Input = 30 dBm (1 Watt)
Output = 29.1 dBm (0.812 Watts) per port
When a 4-port power divider is used:
The insertion loss data is provided in most of the power divider manufacturers’ datasheets. Let’s assume the insertion loss for the 4-port power divider is 1.1 dB and when the reader mentioned above configuration is applied, the 4-port power divider will yield an output power of 22.9 dB in each port of the 4-port power divider.
Input = 30 dBm (1 Watt)
Output = 22.9 dBm (0.194 Watts) per port
A power divider, as the name suggests would divide the power equally to all the available output ports. Consequently, a 4-port power divider divides the power equally among the four output ports, which corresponds to a 1/4th split.
A mux would not divide the power. It would rather switch the power between the ports, and the power is made available to all the ports of the same magnitude at different times.
A mux will not induce any RF characteristic changes on the antennas that are connected to its multiple ports. This is mainly because the mux has a built-in switch that would switch the RFID reader’s output to each of the connected antenna ports at different times. Each antenna will turn on at different times.

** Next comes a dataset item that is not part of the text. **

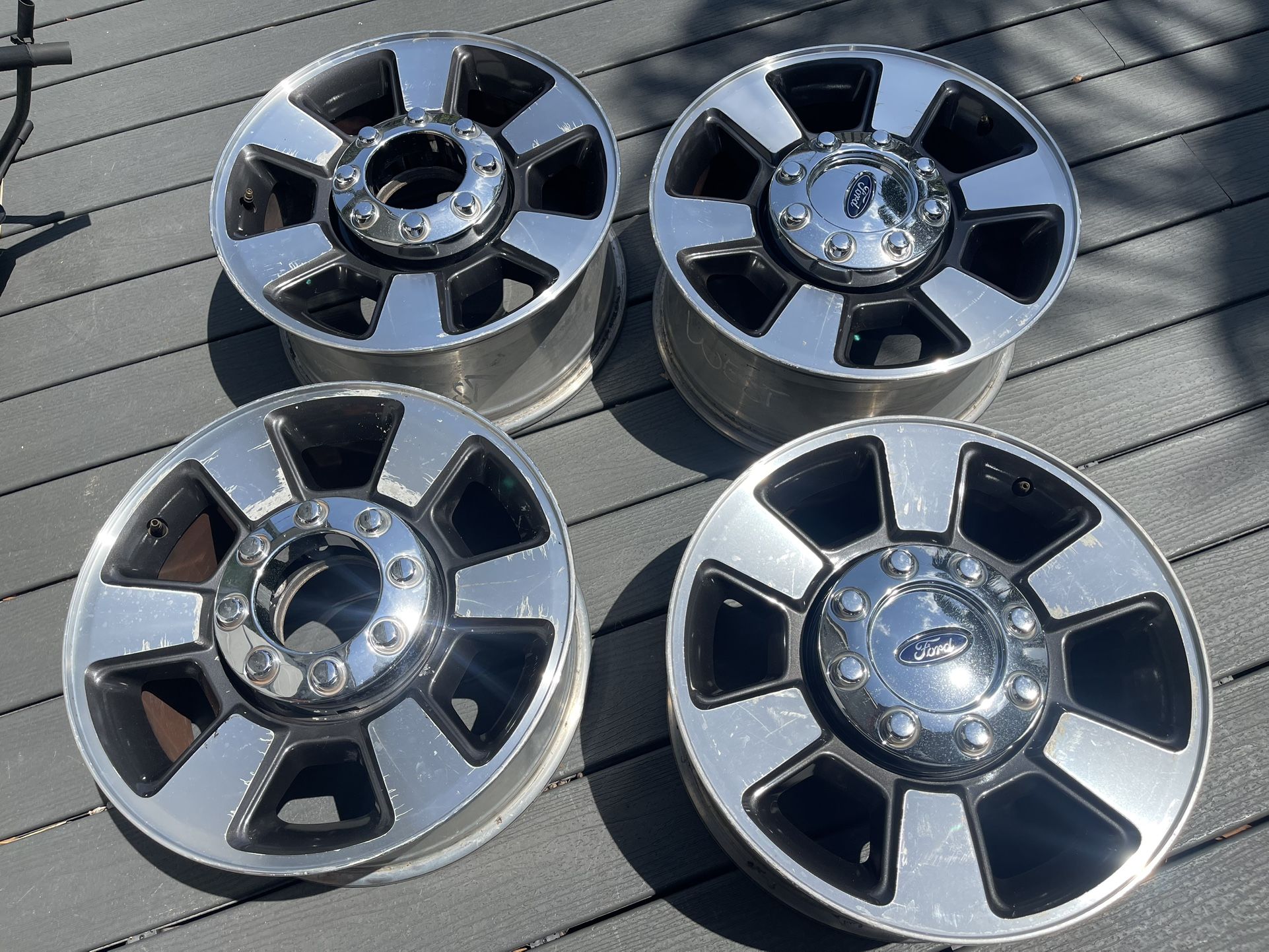 18 inch ford F250 Aluminum Factory Wheels (8lugs) Bolt Pattern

A power divider can alter the antenna’s performance dramatically when it is not used correctly. Things like a) location of the antennas, b) cable lengths of the connected antennas and c) antenna orientation are critical during installation.
Location of the antennas:
When two antennas are intended to be located next to each other, a separation distance of at least 2 feet (600 mm) is recommended. When the antennas are closer, say 150 mm, then the antennas’ beams are altered.
When the cable lengths are different for two antennas, the RF phase is altered between the antennas. This, in combination with the antenna’s location, can alter the antenna’s beam angle.

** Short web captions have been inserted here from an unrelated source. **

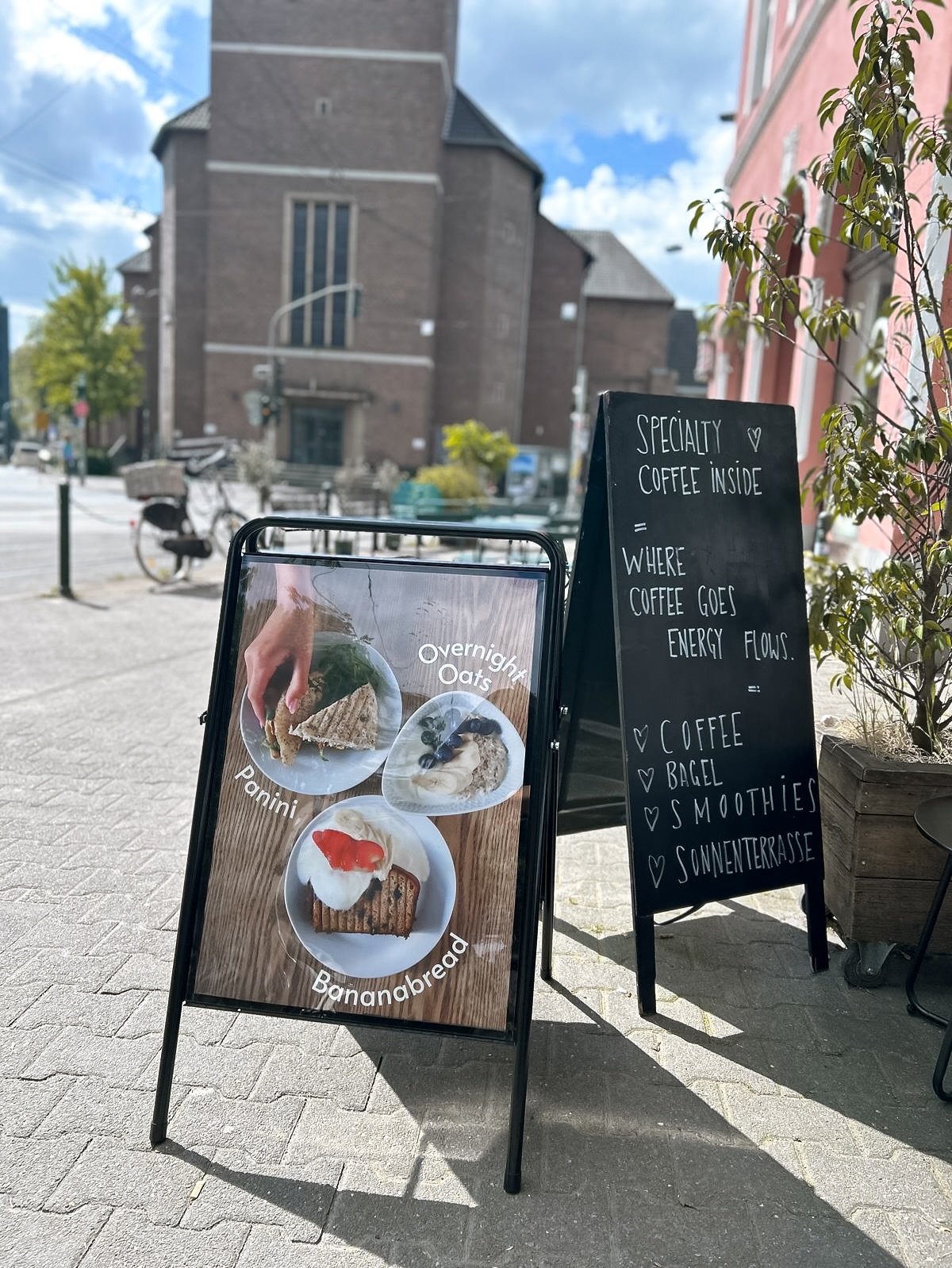 FIRST WEEK OF MAY RECAP☀️🌼 

1.New breakfast is up 🍓
2.Overnight Oats Liebe 🥣 
3.Girls Night 🎀
4.Getting creative 🥂 
5.Catering for  @youpila.studios @cybex_global 🩰 (📸credit @leticianeidl )
6.Next level latte art @nabidzhonmukumov 🫧 
7.Was i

When antennas are installed in a portal or a door-way, two antennas facing each other can cancel the fields, and a null-zone can be experienced. Two antennas with a different polarization can be used to overcome this effect, but the corresponding antenna’s cross-polarization levels need to be considered to avoid any detrimental effects. It is not recommended to use a power divider in this scenario.

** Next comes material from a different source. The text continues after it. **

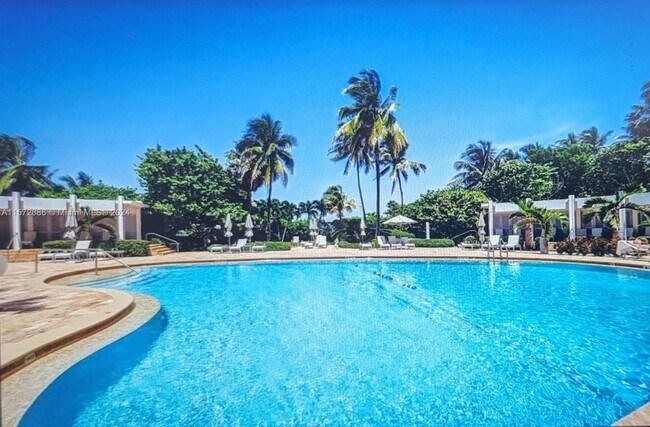 Photo - 5055 Collins Ave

A Mux will not be a problem, and it is safer to use, even for those, who are new to RF.
The use of power divider may lead to the breach of rules and regulations. The following is an example;
Let`s assume you are in the USA and you connect a 6 dBi antenna to an RFID reader. The reader power is set to 31 dBm with a cable loss of 1 dB. This configuration yields 4 W EIRP, which is the maximum allowed power specification for UHF RFID systems in the USA region. This is prescribed by the Federal Communications Commission (FCC). You are within the limit now, and you do not breach the law.
Say you wanted to connect two antennas using a 2-way power divider and the two antennas are located right next to each other. You may think that you have connected 2 x 6 dBi antennas to a power divider but what happens is that the beams of those two antennas would combine to yield an ~8 dBi gain. This will cause you to breach the law because you are now generating 6.3 W EIRP.
It is not recommended to use the power dividers by a non-RF expert.
A near-field antenna and a far-field antenna’s beam may not combine if the near-field antenna is a pure near-field only antenna. Some near-field antennas in the market are loop antennas which have far-field gain associated. These antennas will impact the over-all RF beam when a power combiner is used. The RF beam realized can be unpredictable and can cause nulls zones too.
The only way to ensure that this does not happen is to separate the antenna by a distance of 2 feet or so.
It is recommended to use a multiplexer in most of the scenarios.